> **TASK TO CARRY OUT**
Write down exactly the lines from the one below that has "EUROPRO FP86 owner's manual" to the end of the data, both ends included; the pictures should not appear in your copy.

> **RECORDED DATA**
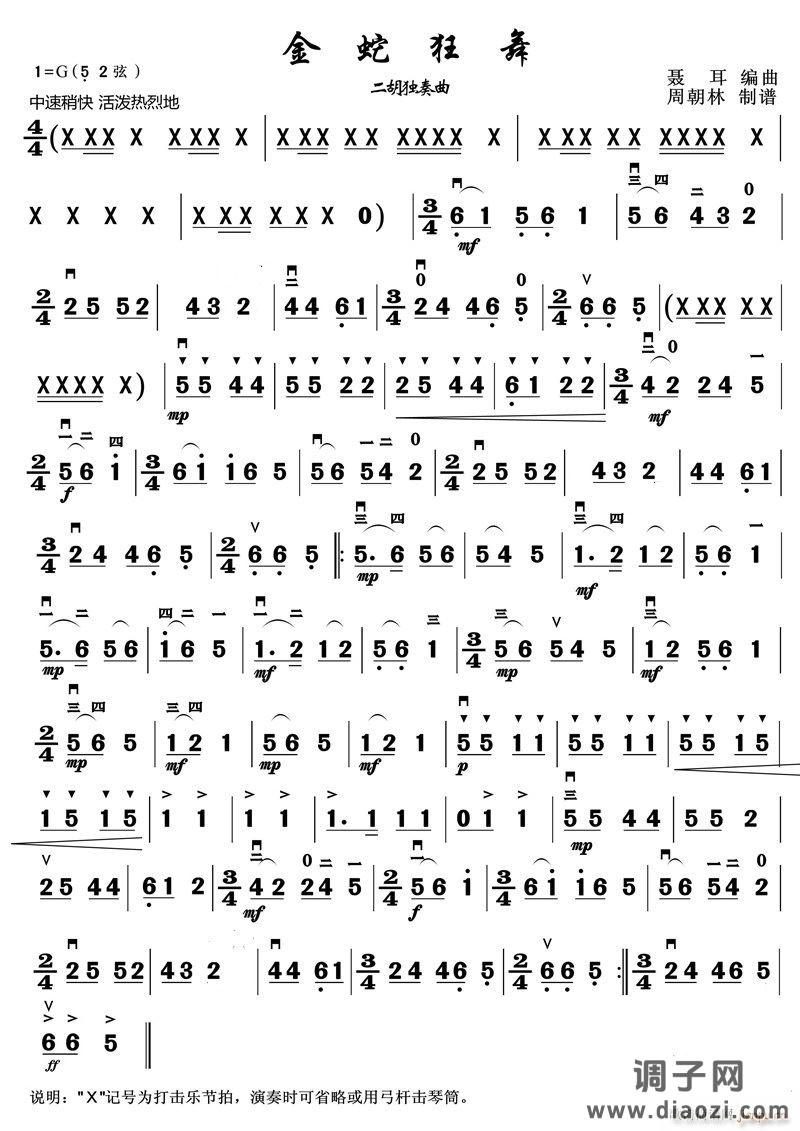 金蛇狂舞（二胡G调伴奏）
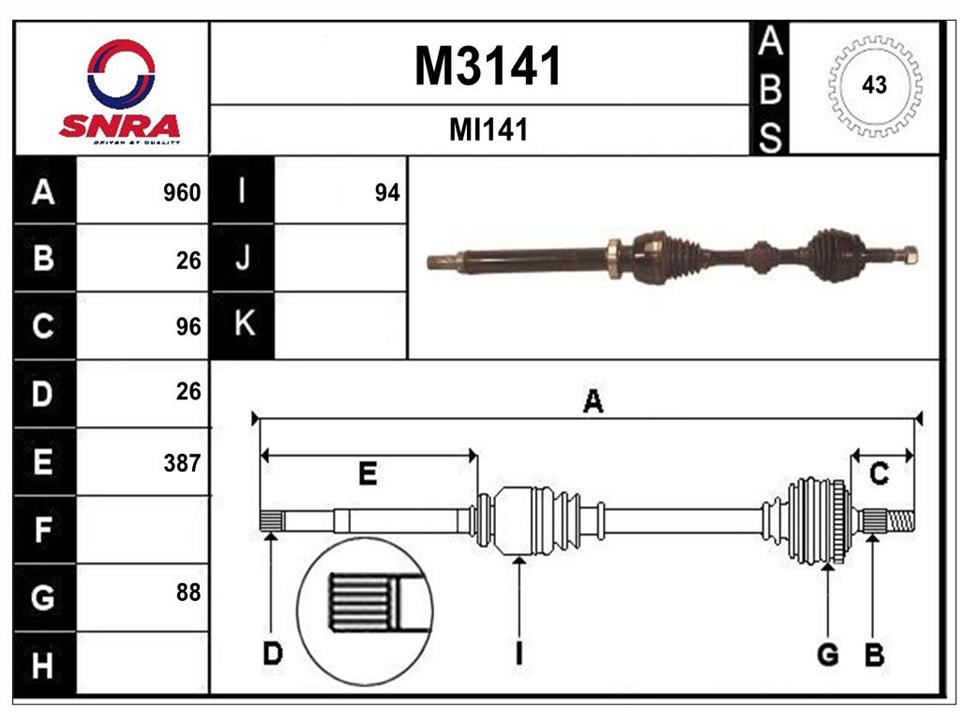 SNRA M3141 Вал привідний M3141: Купити в Україні - Добра ціна на EXIST.UA!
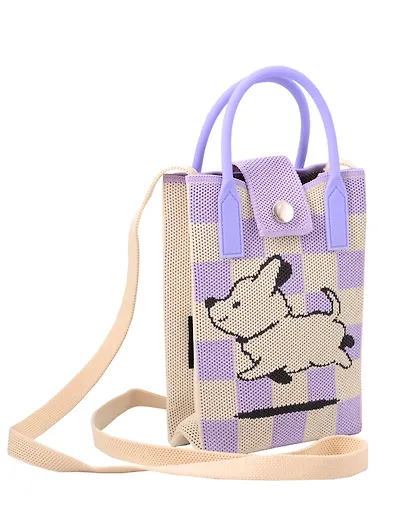 Сумочка вязаная с застежкой Собачка (клетка) (12х18х6) (текстиль) (12-Yiheng-0609) - фото 1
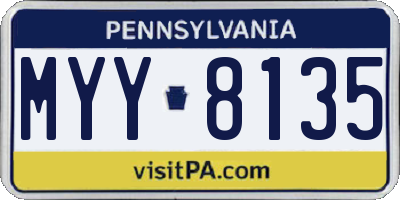 PA license plate MYY8135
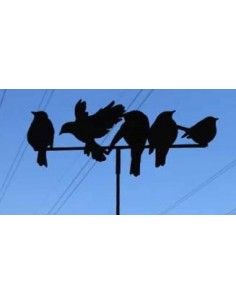 Frühling / Ostern 5 Vögel auf der Stange mit Steckverbindung für Stab - Breite 54 cm - gerade Unsere "5 Vögel auf der Stange", i 2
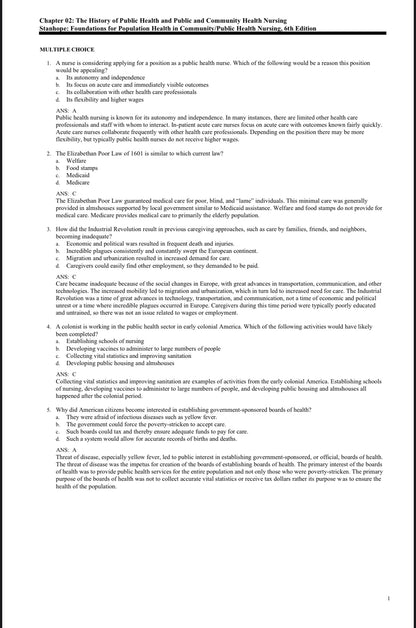 TEST BANK Foundations for Population Health in Community/Public Health Nursing, 6th Edition-StudyWithSyasil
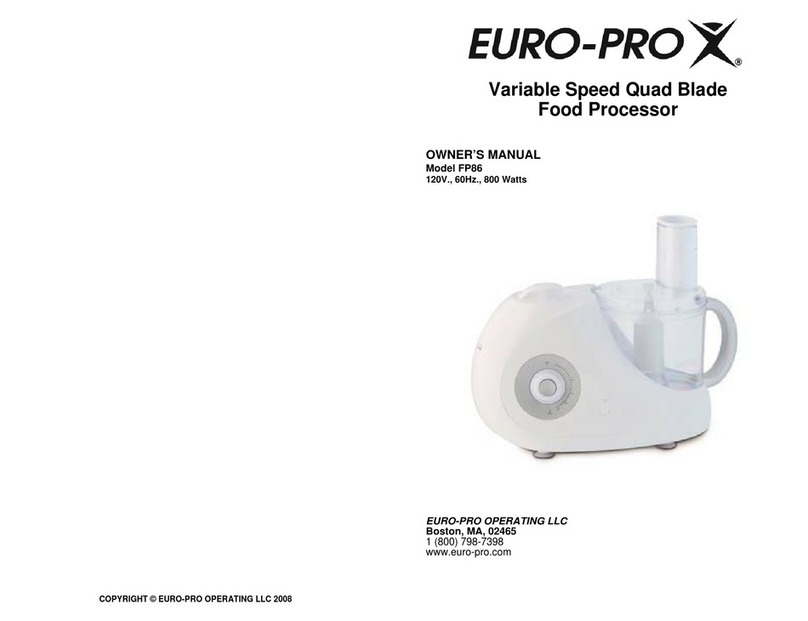 EUROPRO FP86 owner's manual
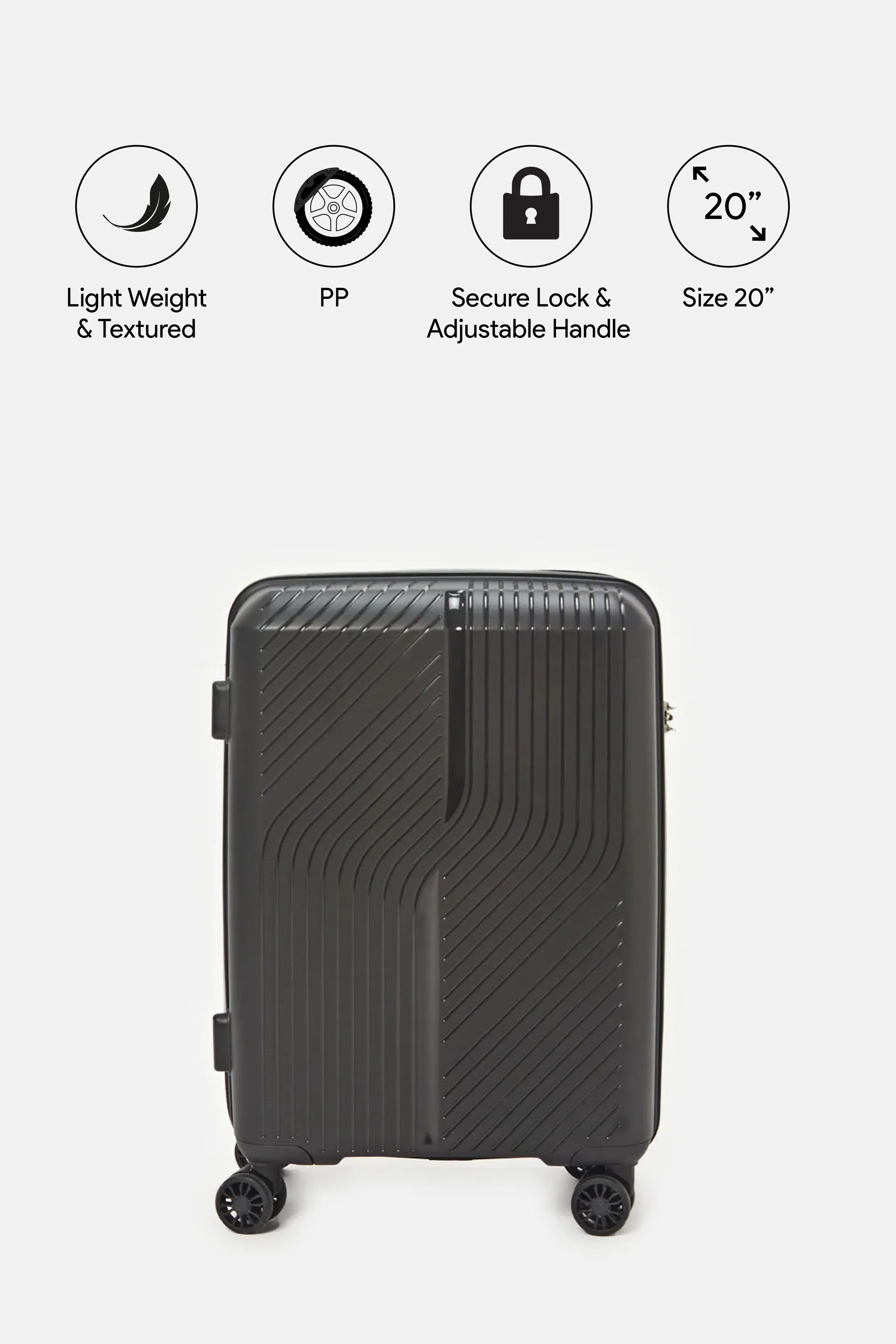 Black Textured Trolley Luggage (20 Inch)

> **PROBLEM SOLUTION**
 EUROPRO FP86 owner's manual
 Black Textured Trolley Luggage (20 Inch)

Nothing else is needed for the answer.